→ **WORK REQUEST**
From the data underneath, reproduce exactly the stretch that begins at the line with "三星r467笔记本扩大内存,三星r467重装系统" and ends after the line with "西赛姆防水连接器NMEA2000网络塑胶接头M12-5芯转汽车端子带线".

→ **MATERIAL SUPPLIED**
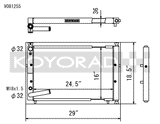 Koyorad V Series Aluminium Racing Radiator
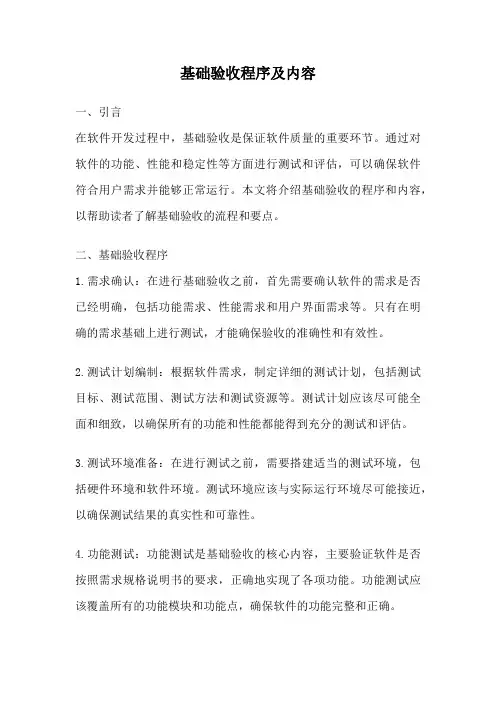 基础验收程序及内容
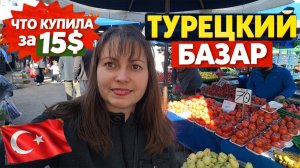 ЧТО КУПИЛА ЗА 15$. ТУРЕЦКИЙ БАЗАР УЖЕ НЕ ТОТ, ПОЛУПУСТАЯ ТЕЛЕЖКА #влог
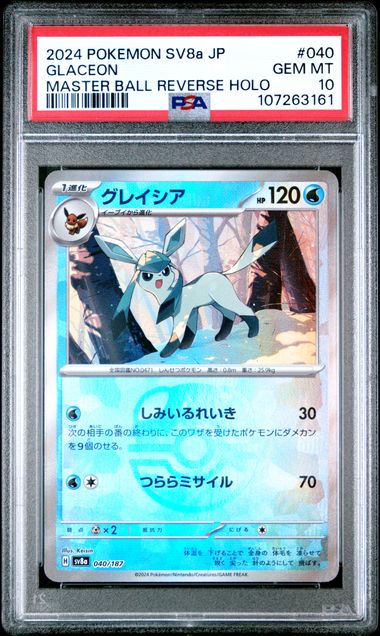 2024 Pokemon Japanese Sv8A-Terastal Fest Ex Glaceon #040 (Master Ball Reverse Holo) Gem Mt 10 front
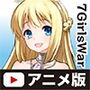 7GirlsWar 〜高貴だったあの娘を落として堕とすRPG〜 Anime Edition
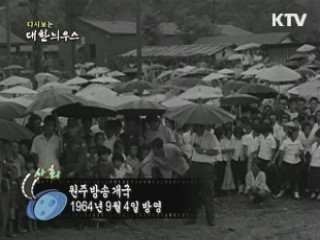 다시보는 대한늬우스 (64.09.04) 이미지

==

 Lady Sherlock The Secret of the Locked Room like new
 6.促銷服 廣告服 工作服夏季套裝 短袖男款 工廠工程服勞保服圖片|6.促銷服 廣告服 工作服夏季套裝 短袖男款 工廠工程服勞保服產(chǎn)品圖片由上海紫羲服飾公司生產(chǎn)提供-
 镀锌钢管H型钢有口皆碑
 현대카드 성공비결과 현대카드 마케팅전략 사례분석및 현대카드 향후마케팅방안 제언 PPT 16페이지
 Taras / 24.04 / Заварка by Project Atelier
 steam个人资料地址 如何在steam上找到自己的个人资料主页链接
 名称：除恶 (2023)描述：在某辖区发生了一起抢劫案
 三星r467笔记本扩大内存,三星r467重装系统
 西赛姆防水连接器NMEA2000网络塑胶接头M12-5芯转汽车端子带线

--

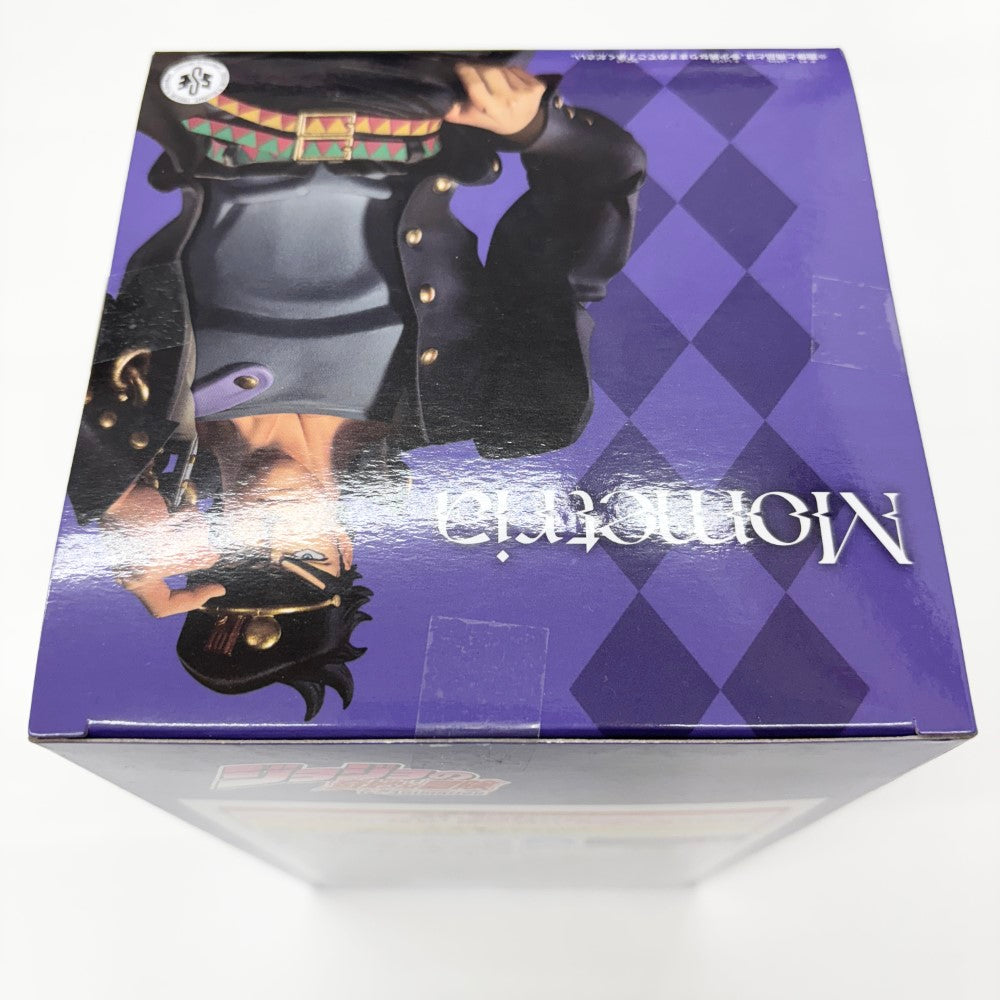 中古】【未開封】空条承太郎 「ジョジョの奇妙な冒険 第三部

→ **SOLUTION BELOW**
 三星r467笔记本扩大内存,三星r467重装系统
 西赛姆防水连接器NMEA2000网络塑胶接头M12-5芯转汽车端子带线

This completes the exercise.